Reste le contenu, ce qui nous ramène au titre de l’ouvrage. Un roman ? Eh bien oui, définitivement. Quand Ungemuth retrace la carrière des plus grandes icones du Rock ou dépeint ses principaux courants, c’est bien une histoire qu’il nous conte. Une histoire qui sous sa plume prend la dimension dramatique propre à maintenir l’intérêt du lecteur. Celle de ces grands destins, de ces héros magnifiques, le plus souvent rimbaldiens (j’aime cet adjectif, ça fait super genre « je m’y connais à mort en littérature ») qui créent tous leurs chefs-d ’œuvres dans leurs jeunes années. Car c’est bien de cela qu’il s’agit, de cette grâce, de ce feu sacré qui brûle dans les veines de ces géniaux compositeurs avant que les seringues de dope n’en tarissent la sève. Ce feu dont les survivants arrivent parfois à entretenir la braise mais qui pour beaucoup s’éteint définitivement, passé la trentaine. L’intrigue est quasi immuable mais toujours aussi passionnante.

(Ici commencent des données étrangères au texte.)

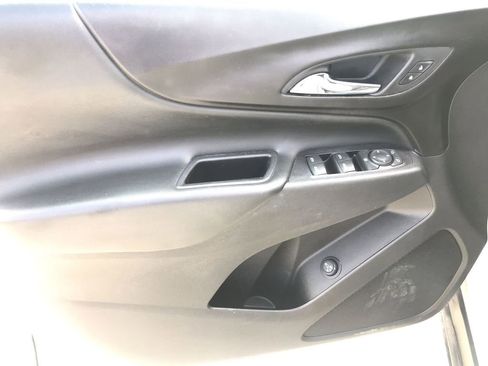 Used 2018 Chevrolet Equinox LT image 13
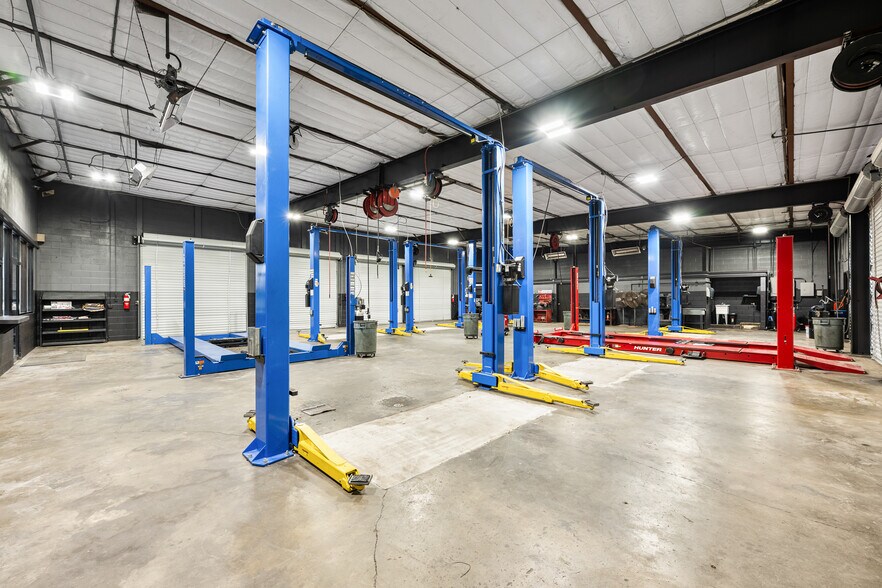 More Photos Of 6259 N Eldridge Pky, Houston Auto Repair For Sale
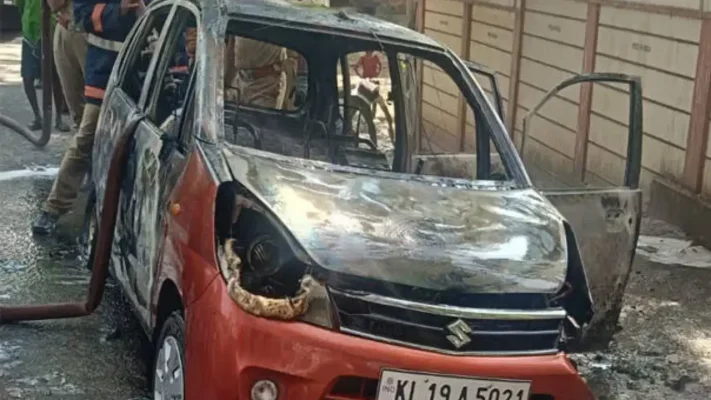 തിരുവനന്തപുരം ജഗതിയില്‍ ഓടിക്കൊണ്ടിരുന്ന കാറിന് തീപിടിച്ചു; ദമ്പതികള്‍ അത്ഭുതകരമായി രക്ഷപ്പെട്ടു.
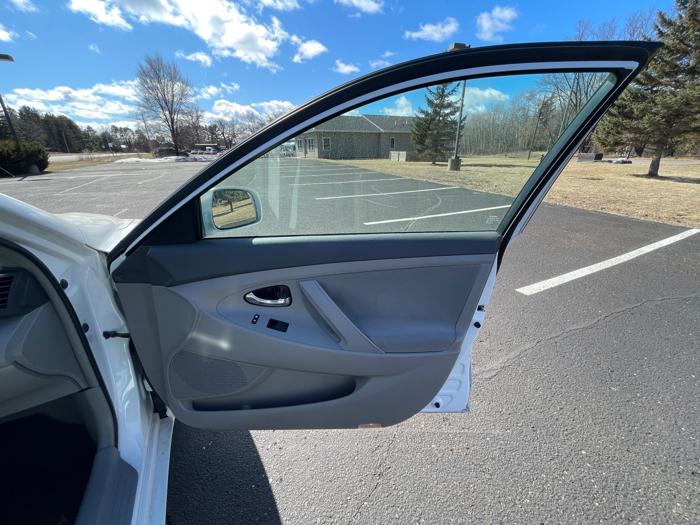 2009 toyota camry ce-5-spd-at with 170528 miles for sale near forest-lake, minnesota 691b72c60de7400591d0a0f79e9c8401.jpeg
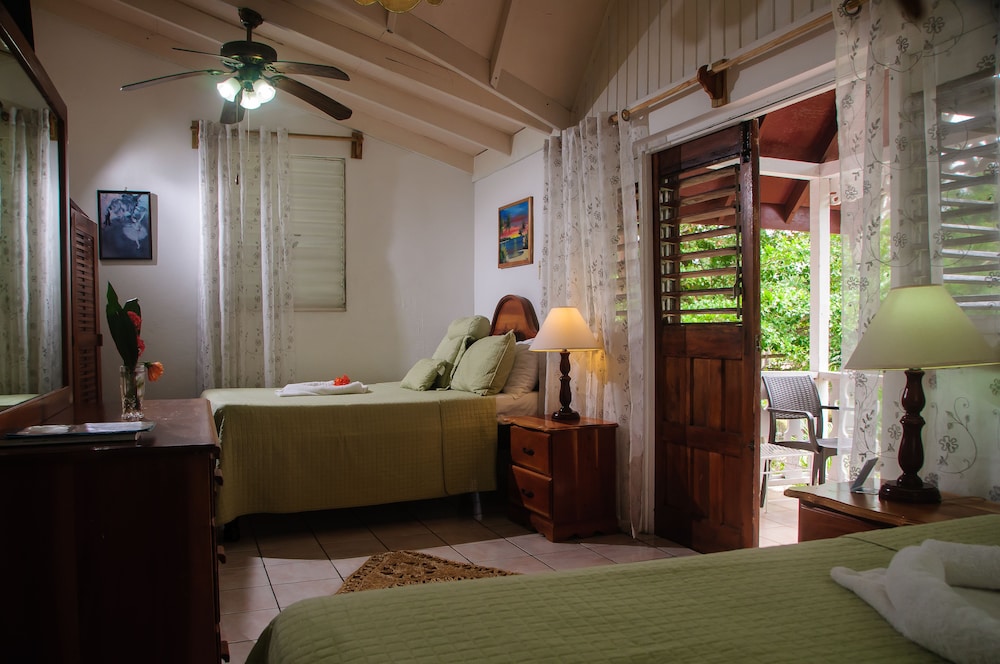 Firefly Beach Cottages and Suites 12/78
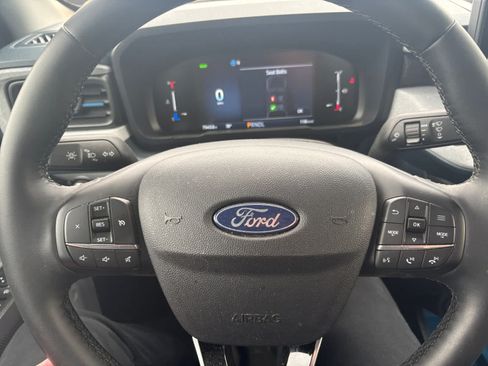 Used 2025 Ford Maverick XLT w/ XLT Luxury Package FWD image 11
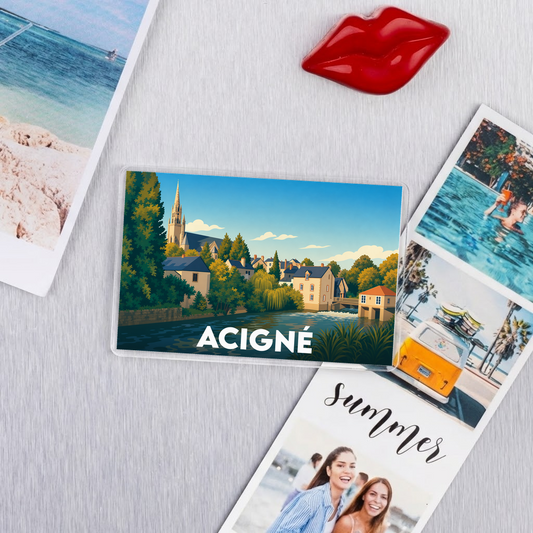 Magnet souvenir de la ville d'Acigné avec une illustration stylisée d'un paysage urbain au bord de l'eau.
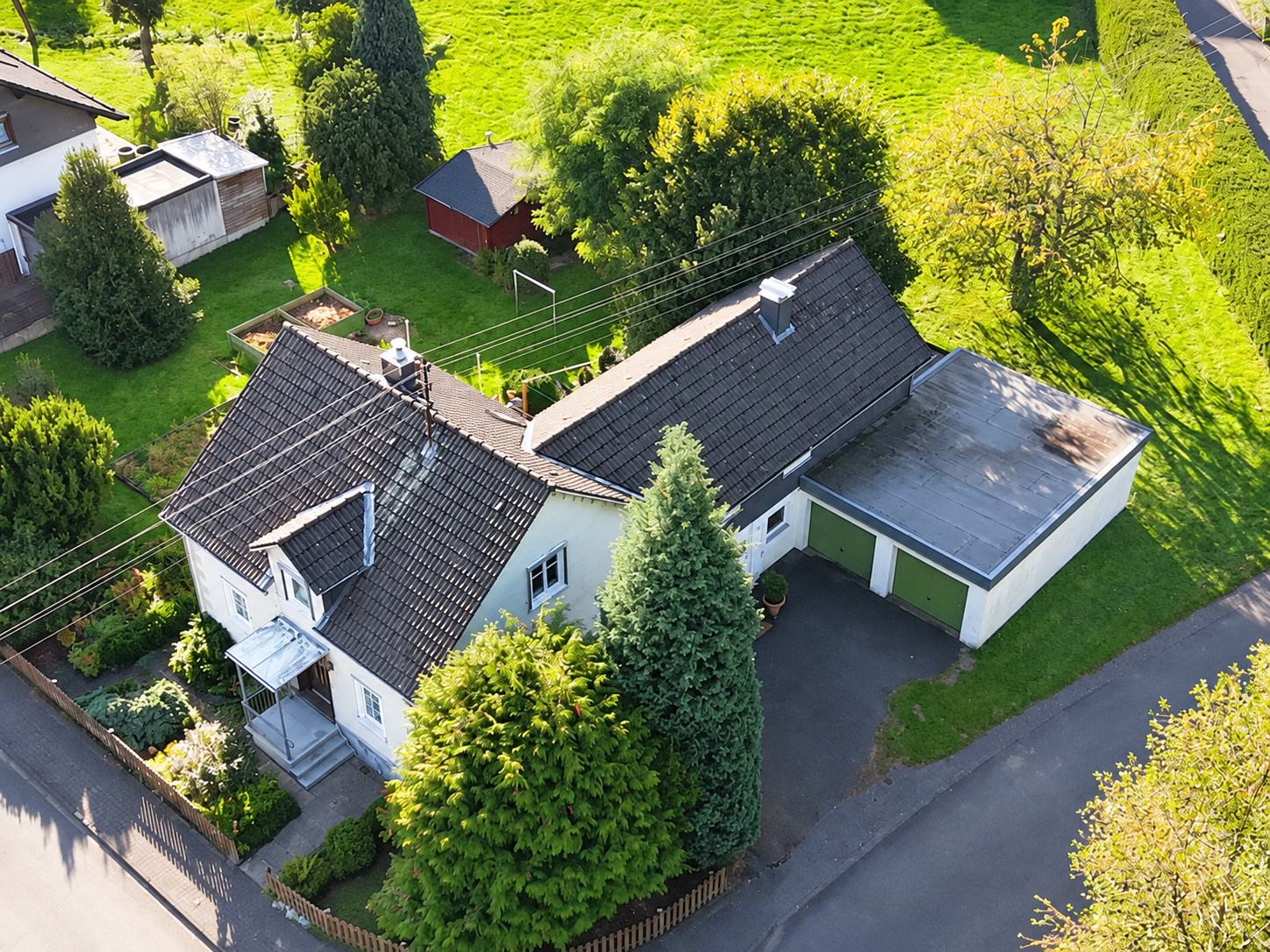 Sanierungsbedürftiges Einfamilienhaus in Kreuztal-Littfeld - optional mit ein oder zwei Bauplätzen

Ce qui fait aussi le charme de l’opus réside à l’évidence dans l’approche résolument subjective et partiale de l’auteur. Il ne s’agit pas d’une suite de chroniques plates et neutres. Ungemuth prend parti. Il dresse des mausolées avec le même aplomb qu’il démolit les temples. Comme dirait Pascal Rabaté, il ne juge pas, il condamne. A l’instar d’un Lester Bangs, la critique est sans ambages. Chef-d’œuvre ou daube, voire grosse daube. Forcément, quand le lecteur est du même avis, et c’est mon cas à 90 % en l’espèce, c’est assez jubilatoire. Reste 10 % de désaccord, où l’on aurait bien envie de crier à l’erreur judiciaire face à un verdict aussi arbitraire.
Pour Ungemuth tout s’est joué avant 1970 et depuis le Rock n’est qu’une suite de redites parfois brillantes ou inspirées, tel l’épisode du Punk, mais qui n’atteindront jamais le niveau des pierres philosophales empilées tout au long de cet âge d’or.
En partant de cet axiome insurmontable, cela permet d’expédier en quelques pages le Rock progressif et le Heavy Métal sans vraiment se pencher sur la question. Mais j’ai trop de recul par rapport à ça pour m’offusquer de la chose et je ne concèderai tout au plus qu’une pointe d’agacement. D’autant que Ungemuth règle par ailleurs son compte au Rock français de manière assez magistrale et pour le coup plutôt bien argumentée, tout en réservant un petit éloge aux Thugs, ce dont mon chauvinisme angevin ne peut que se réjouir.
Sinon, il est indéniable que le Roman du Rock est le vade-mecum indispensable pour briller en société et y passer pour un puits de science en matière de Rock, tout en constituant un ouvrage initiatique pour les apprentis critiques quant à l’art exigeant de prononcer des sentences irrévocables.